Questa vasta area geografica si suddivide in tre grandi scuole musicali:
scuola magrebina (Marocco, Algeria, Tunisia, Libia)
scuola siro – egiziana (Egitto, Palestina, Giordania, Libano e Siria)
scuola irachena (Iraq, Arabia Saudita, Bahrein, E.A.U., Kuwait, Qatar, Oman e, Yemen).
scuola arabo – africana (Mauritania e Sudan).
Nonostante queste diversificazioni, la musica araba costituisce una tradizione forte e specifica, lo studio della quale rivela due punti essenziali: unità sovranazionale e arricchimento costante da parte delle varie tradizioni locali. L’unità sovranazionale di quest’arte, elaborata partendo dalle varie tradizioni pre-islamiche, si è realizzata grazie al contributo spirituale dell’Islam e linguistico dell’arabo.
Di tradizione orale la musica araba fa parte della grande famiglia delle musiche modali.
Si basa sul concetto di maqam (“luogo”, “il luogo dove si sta”, cioè l’ambito entro il quale si muove la composizione), che designa sia la scala modale e le sue caratteristiche che le reazioni emotive che esse possono suscitare nell’ascoltatore. Le scale modali, dette maqamat, sono formate da sette note e suddivise in 24 intervalli di un quarto di tono ciascuno dando così la possibilità al musicista di utilizzare distanze tra le note, oltre che di un semitono, anche di un quarto e tre quarti di tono. Tali scale modali eptafoniche sono più di 70 e ogni nota all’interno della scala stessa ha un nome che non si ripete all’ottava. Di fatto, essendo sufficiente un ambito di due ottave per eseguire la musica araba tradizionale, i teorici hanno contrassegnato con un nome soltanto i 48 suoni delle due ottave. “Ogni maqam costituisce un’entità modale che si muove in un universo melodico-ritmico, le cui strutture interne sia di spazio che di tempo obbediscono ad una serie di leggi consacrate dalla tradizione, dal gusto e dalle inflessioni dialettali e fonetiche proprie al genio di ogni gruppo sociale”.
Il sistema tonale arabo non è temperato, ovvero, gli intervalli tra le note non sono sempre tutti uguali ma la loro ampiezza varia secondo il modo usato e secondo la sensibilità e il gusto dell’esecutore.

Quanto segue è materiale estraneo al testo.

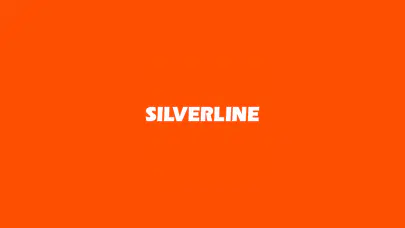 Silverline’dan 2,22 Milyon TL’lik Ek Gelir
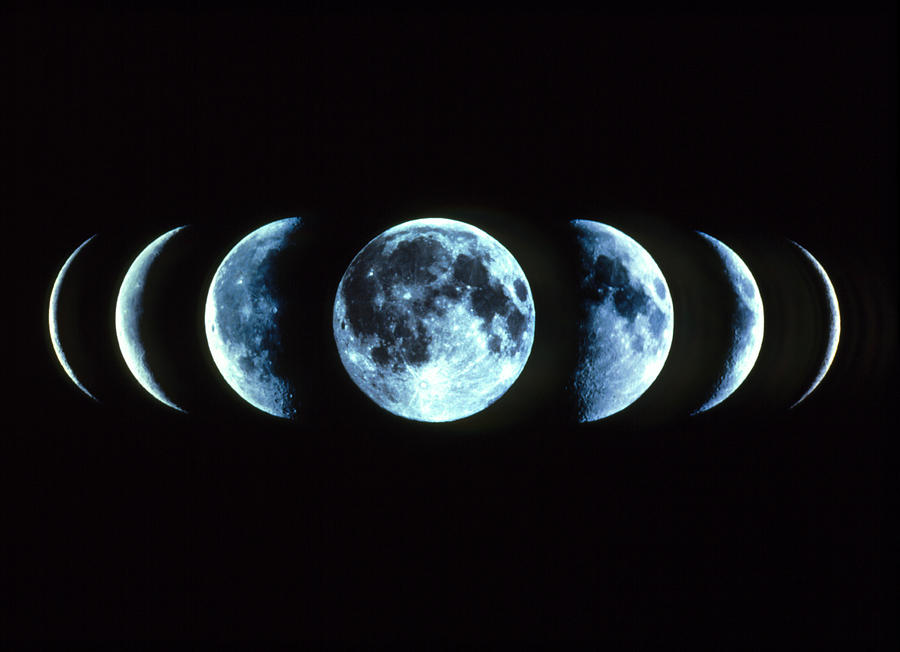 Composite Image Of The Phases Of The Moon Photograph by Dr Fred Espenak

Manca anche il concetto di armonia : si tratta di una musica che produce solo una linea melodica per volta con accompagnamento ritmico e quando due o più strumenti (melodici) suonano insieme, eseguono la stessa melodia all’unisono o a distanza di un’ottava.
“La musica araba ha un andamento che potremmo definire “orizzontale” : non esiste la dimensione verticale di coordinazione tra le diverse voci o strumenti. Il tempo scorre senza un concetto di sviluppo : non si deve arrivare a qualcosa ; piuttosto la melodia stessa dilata il tempo colorendolo di fioriture, ricami e abbellimenti che orbitano intorno alle note di una semplice melodia, mentre il musicista, improvvisando, si lascia trasportare dalla propria emotività“.
Altra caratteristica intrinsecamente legata alla tradizione musicale araba, quindi, è l’improvvisazione vocale e strumentale, che viene spesso eseguita sia come introduzione al brano con l’intento di esplorare il maqam e svelarne gli aspetti emotivi sia durante il brano stesso diventandone parte integrante.
Essendo ogni pezzo pensato in un certo maqam, il musicista per improvvisare deve conoscere perfettamente tutte le caratteristiche della scala, i suoi contenuti emotivi e i frammenti melodici tramandati dalla tradizione orale e composti dal suo maestro, da altri maestri o da egli stesso.